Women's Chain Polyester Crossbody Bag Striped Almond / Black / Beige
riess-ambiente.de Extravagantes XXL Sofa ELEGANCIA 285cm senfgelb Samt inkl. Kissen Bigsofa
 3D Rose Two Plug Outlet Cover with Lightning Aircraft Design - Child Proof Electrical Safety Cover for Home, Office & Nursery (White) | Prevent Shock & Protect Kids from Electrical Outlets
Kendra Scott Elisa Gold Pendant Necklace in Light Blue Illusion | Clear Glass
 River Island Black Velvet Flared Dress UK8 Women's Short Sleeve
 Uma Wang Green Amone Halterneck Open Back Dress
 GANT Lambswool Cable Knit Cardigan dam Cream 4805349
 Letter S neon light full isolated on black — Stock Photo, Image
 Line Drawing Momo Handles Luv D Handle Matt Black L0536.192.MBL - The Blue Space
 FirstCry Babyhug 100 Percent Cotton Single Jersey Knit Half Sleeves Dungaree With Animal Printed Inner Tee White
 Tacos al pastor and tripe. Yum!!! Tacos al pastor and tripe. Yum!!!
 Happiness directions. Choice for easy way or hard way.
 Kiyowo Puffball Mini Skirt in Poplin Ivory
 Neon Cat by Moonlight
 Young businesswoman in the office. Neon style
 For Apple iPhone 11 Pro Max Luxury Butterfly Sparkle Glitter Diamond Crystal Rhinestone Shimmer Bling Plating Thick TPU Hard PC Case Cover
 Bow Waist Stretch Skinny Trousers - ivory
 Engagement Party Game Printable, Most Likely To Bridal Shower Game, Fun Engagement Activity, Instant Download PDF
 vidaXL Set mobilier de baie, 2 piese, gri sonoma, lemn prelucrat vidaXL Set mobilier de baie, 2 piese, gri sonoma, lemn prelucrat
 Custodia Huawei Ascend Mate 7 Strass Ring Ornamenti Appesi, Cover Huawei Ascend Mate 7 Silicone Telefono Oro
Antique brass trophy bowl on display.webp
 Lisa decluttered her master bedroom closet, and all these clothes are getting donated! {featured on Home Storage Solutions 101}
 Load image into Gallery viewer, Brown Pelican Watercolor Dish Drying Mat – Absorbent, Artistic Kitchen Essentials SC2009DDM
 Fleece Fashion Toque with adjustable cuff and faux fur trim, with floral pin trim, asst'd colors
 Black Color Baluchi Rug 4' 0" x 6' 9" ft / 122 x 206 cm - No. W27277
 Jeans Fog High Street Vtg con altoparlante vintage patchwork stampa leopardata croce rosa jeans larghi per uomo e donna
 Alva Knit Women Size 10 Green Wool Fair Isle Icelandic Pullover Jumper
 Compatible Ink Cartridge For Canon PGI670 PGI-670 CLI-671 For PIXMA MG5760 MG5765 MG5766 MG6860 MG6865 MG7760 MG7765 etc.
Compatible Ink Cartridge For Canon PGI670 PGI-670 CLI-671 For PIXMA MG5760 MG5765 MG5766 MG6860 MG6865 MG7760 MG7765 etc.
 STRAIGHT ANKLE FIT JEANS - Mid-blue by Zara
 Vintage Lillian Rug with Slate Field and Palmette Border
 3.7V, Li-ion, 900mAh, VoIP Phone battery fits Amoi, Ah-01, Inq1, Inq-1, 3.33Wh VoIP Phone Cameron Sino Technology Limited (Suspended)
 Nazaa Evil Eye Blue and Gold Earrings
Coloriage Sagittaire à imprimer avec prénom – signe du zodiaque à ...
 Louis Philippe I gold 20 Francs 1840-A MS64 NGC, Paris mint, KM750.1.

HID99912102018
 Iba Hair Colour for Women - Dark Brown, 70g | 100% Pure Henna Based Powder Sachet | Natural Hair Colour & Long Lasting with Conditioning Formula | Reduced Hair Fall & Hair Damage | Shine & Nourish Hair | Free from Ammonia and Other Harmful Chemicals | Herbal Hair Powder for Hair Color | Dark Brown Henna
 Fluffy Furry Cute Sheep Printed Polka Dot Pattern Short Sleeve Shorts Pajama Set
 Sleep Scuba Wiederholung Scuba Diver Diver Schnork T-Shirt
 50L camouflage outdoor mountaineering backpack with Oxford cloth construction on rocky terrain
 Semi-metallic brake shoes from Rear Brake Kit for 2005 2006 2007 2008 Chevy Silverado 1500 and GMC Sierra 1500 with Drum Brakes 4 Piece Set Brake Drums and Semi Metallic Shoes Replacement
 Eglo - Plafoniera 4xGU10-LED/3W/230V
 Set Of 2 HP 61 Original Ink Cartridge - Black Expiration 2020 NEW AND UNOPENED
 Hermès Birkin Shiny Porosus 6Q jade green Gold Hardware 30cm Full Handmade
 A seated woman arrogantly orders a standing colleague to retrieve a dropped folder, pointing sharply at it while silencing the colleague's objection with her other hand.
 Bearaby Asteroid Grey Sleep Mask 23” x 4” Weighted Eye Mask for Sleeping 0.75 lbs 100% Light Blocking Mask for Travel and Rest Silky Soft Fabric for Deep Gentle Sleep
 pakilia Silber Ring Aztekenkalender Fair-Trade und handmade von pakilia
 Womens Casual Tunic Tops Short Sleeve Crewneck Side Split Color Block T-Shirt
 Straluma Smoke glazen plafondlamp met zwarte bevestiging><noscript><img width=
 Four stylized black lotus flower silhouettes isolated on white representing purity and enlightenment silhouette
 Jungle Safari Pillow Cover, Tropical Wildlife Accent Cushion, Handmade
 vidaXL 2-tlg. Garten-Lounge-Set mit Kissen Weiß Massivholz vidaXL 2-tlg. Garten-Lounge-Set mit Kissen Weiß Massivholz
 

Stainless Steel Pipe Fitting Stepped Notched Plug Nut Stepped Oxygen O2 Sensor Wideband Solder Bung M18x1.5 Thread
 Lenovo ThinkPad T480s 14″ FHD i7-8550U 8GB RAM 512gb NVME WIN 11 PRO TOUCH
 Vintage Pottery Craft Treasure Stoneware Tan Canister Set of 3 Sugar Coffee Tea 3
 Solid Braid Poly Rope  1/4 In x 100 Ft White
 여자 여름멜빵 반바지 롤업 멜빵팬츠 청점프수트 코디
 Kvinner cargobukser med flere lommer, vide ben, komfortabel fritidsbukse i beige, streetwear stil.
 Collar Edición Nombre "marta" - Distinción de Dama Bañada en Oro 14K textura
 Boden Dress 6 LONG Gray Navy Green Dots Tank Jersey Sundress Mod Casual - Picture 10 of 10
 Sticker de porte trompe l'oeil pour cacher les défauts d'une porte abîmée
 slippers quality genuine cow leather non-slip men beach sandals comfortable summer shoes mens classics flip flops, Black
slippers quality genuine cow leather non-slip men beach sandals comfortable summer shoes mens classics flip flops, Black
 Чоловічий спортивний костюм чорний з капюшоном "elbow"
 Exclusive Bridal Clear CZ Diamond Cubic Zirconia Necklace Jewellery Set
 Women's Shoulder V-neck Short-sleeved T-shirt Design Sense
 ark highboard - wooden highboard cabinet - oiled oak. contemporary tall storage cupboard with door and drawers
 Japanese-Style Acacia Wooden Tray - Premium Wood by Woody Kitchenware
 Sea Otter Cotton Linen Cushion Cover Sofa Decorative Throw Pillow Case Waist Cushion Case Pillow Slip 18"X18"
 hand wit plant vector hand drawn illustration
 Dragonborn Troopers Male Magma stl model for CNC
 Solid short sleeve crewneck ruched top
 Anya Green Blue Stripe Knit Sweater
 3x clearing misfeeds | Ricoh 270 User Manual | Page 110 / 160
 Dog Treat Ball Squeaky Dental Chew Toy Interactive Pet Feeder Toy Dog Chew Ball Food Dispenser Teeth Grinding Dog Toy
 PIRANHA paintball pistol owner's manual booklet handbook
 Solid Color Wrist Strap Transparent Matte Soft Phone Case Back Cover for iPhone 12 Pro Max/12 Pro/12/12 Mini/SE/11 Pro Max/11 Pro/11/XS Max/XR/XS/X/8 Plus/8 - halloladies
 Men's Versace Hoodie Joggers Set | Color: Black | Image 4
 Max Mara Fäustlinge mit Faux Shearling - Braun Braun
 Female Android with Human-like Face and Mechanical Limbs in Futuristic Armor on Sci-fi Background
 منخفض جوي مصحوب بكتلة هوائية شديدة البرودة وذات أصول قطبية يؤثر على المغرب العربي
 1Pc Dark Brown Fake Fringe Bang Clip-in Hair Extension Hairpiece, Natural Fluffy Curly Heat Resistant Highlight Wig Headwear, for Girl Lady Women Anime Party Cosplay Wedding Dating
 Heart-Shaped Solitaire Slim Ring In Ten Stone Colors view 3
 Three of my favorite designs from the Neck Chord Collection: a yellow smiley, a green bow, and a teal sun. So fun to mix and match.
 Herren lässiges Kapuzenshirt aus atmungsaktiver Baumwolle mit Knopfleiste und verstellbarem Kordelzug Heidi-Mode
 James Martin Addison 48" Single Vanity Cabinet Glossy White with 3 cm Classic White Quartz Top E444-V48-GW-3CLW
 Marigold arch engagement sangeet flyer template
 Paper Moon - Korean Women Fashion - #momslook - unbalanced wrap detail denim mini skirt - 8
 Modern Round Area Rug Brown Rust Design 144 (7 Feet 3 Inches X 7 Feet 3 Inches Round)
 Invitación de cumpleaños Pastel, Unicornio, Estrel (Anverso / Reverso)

Required action:
An exact copy of the lines above between the line holding "Iba Hair Colour" and the line holding "Womens Casual Tunic", inclusive, is the whole answer.

Solution to the problem:
 Iba Hair Colour for Women - Dark Brown, 70g | 100% Pure Henna Based Powder Sachet | Natural Hair Colour & Long Lasting with Conditioning Formula | Reduced Hair Fall & Hair Damage | Shine & Nourish Hair | Free from Ammonia and Other Harmful Chemicals | Herbal Hair Powder for Hair Color | Dark Brown Henna
 Fluffy Furry Cute Sheep Printed Polka Dot Pattern Short Sleeve Shorts Pajama Set
 Sleep Scuba Wiederholung Scuba Diver Diver Schnork T-Shirt
 50L camouflage outdoor mountaineering backpack with Oxford cloth construction on rocky terrain
 Semi-metallic brake shoes from Rear Brake Kit for 2005 2006 2007 2008 Chevy Silverado 1500 and GMC Sierra 1500 with Drum Brakes 4 Piece Set Brake Drums and Semi Metallic Shoes Replacement
 Eglo - Plafoniera 4xGU10-LED/3W/230V
 Set Of 2 HP 61 Original Ink Cartridge - Black Expiration 2020 NEW AND UNOPENED
 Hermès Birkin Shiny Porosus 6Q jade green Gold Hardware 30cm Full Handmade
 A seated woman arrogantly orders a standing colleague to retrieve a dropped folder, pointing sharply at it while silencing the colleague's objection with her other hand.
 Bearaby Asteroid Grey Sleep Mask 23” x 4” Weighted Eye Mask for Sleeping 0.75 lbs 100% Light Blocking Mask for Travel and Rest Silky Soft Fabric for Deep Gentle Sleep
 pakilia Silber Ring Aztekenkalender Fair-Trade und handmade von pakilia
 Womens Casual Tunic Tops Short Sleeve Crewneck Side Split Color Block T-Shirt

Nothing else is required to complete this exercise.